🤖 AI Summary
This study addresses the challenge of applying turn-taking prediction models—originally designed for spoken dialogue—to sign language interaction, where direct adaptation is hindered by modality differences. For the first time, the Voice Activity Projection (VAP) framework is adapted to dyadic sign language conversations using the DGS corpus. Binary signing activity streams are constructed, and pose estimation is employed to extract features from the hands, eyes, and mouth. A temporal model is then trained to predict turn-taking states (SHIFT/HOLD). The work introduces proxy tasks and activity definitions tailored to the visual-gestural nature of sign language, demonstrating the feasibility of cross-modal transfer: the model performs well on HOLD/SHIFT classification, with hand-related cues proving particularly informative. However, predicting pure SHIFT events remains challenging, underscoring the need for a turn-taking annotation framework specifically designed for sign language.
📝 Abstract
Social robots must interact robustly not only with users assumed by speech-centered systems but also with diverse users whose communication relies on different modalities, e.g., sign language.
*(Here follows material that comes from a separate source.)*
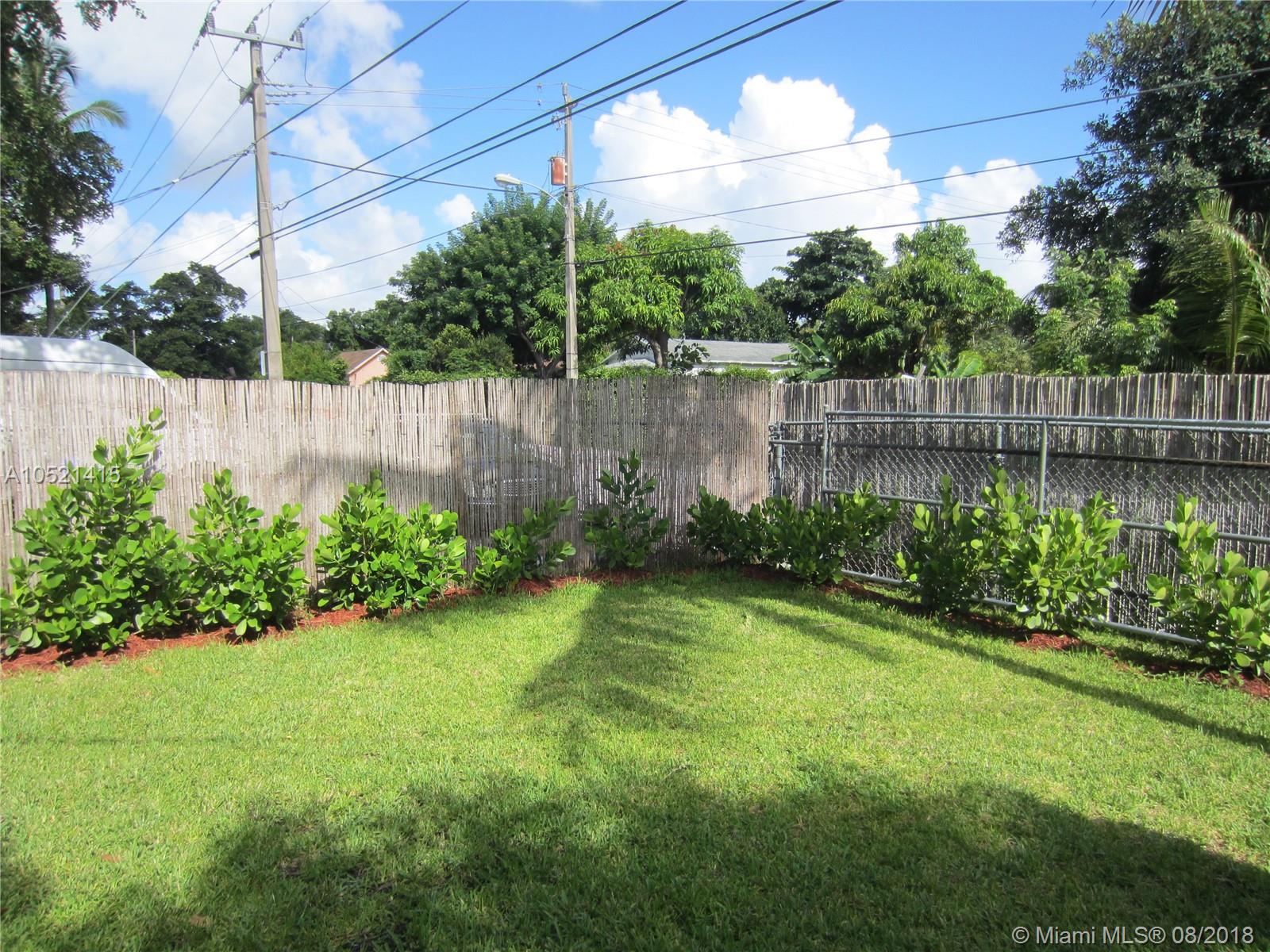 FROW HOMESTEAD - Residential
One important capability gap is predictive turn-taking with signing users. Although Voice Activity Projection (VAP) has been successfully used to model future voice activity in spoken interaction, it remains unclear whether the framework transfers to sign language interaction. This paper presents an initial transfer study of adapting a VAP architecture to dyadic sign language interaction. Using interaction recordings from the Public DGS Corpus, we derive binary signing activity streams from lexical sign annotations and formulate proxy tasks for turn-taking prediction. The model uses pose-derived hand, eye-region, and mouth-region features extracted for each signer. The results show that SHIFT/HOLD prediction is promising, especially with hand cues, while SHIFT-prediction remains difficult. These findings provide initial evidence for both the promise and the current limitations of transferring predictive turn-taking models from spoken interaction to sign language interaction. Predictive modeling of sign language interaction still requires sign-language-specific event definitions that go beyond speech-derived categories.